Fields of expertise and projects at the FBDi
Numerous topics affect all companies in the electronics industry. Regular exchanges between member companies within the association have contributed to a wealth of shared expertise since the foundation of the association.
Today, the FBDi offers its members a valuable competitive edge in areas ranging from environmental topics, logistics, product liability, to employee training or trade compliance.
The environmental topics in the electronics industry affect all distributors equally. An electronic product can only be circulated and operated in the EU if it complies with all EU directives that apply to the product – irrespective of the vertical market. This relates to the constituents of the products, as regulated by REACH and RoHS, waste disposal provisions of WEEE or physical characteristics such as electromagnetic compatibility or the low voltage directive.
This is where the FBDi association provides critical support based on the constructive exchange of information between all members.
Many of the regulations of relevance to transportation affect all distributors. For this reason, the logistics providers among the member companies meet several times annually. They decide on topics for discussion, hold expert lectures on developments, trends and solutions in the logistics sector. Some topics that are relevant to logistics arise from environmental and safety regulations. One example relates to the rules governing the transport of lithium batteries. Customs legislation and export controls present additional challenges in terms of transportation and administration.
A product must be delivered to the customer with the assured physical and legal characteristics intact. This covers issues ranging from the specified characteristics in the data sheet to the absence of third-party claims over the product (e.g. patent disputes).
If the product does not meet these characteristics, the supplier or the manufacturer is liable.
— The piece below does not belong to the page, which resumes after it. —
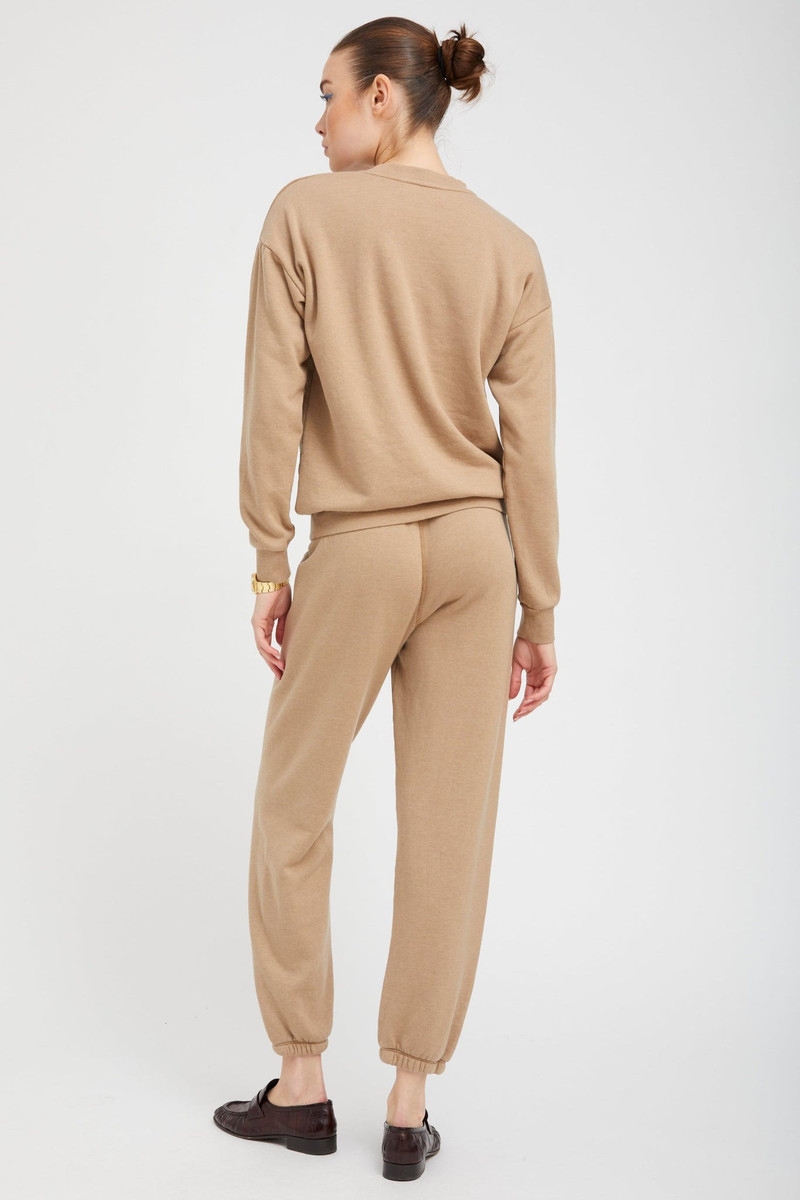 LATTE HEART SWEATSHIRT 4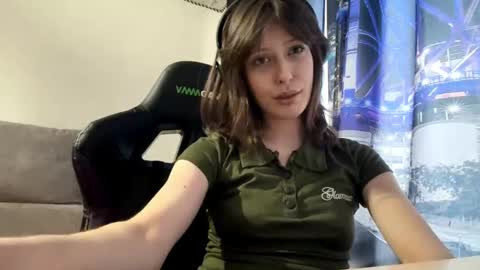 Sofia online show from December 18, 8:41 am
The focus here is on problems currently faced by the industry regarding the traceability of parts and components. Since distributors of products are considered to be "companies placing products on the market" insofar as the products are delivered from abroad, special regulations must be observed.
The ability to trace faulty products is becoming increasingly important in the electronics industry. This is to ensure that action is taken at the correct point in the supply chain in the event of defects. However, traceability will also play a key role in the future in terms of process and cost optimisation.
Trade Compliance & Trade Rules
The term "trade compliance" refers to an increasingly complex body of directives concerning compliance with all export control provisions, customs duties, embargoes, anti-terrorism measures, taxation law and other foreign trade legislation.
The fact that this involves national and international regulations and laws that are not harmonised across all regions presents a particular challenge. Consequently, compliance with regulations involves a significant amount of research work, particularly for distributors operating internationally. Since infringements and violations can have criminal and regulatory consequences for companies and individual directors, the topic is becoming an increasingly important focal point in the area of distribution.
The Work Group "Transport & Trade Compliance" is on hand to assist members with its knowledge and experience.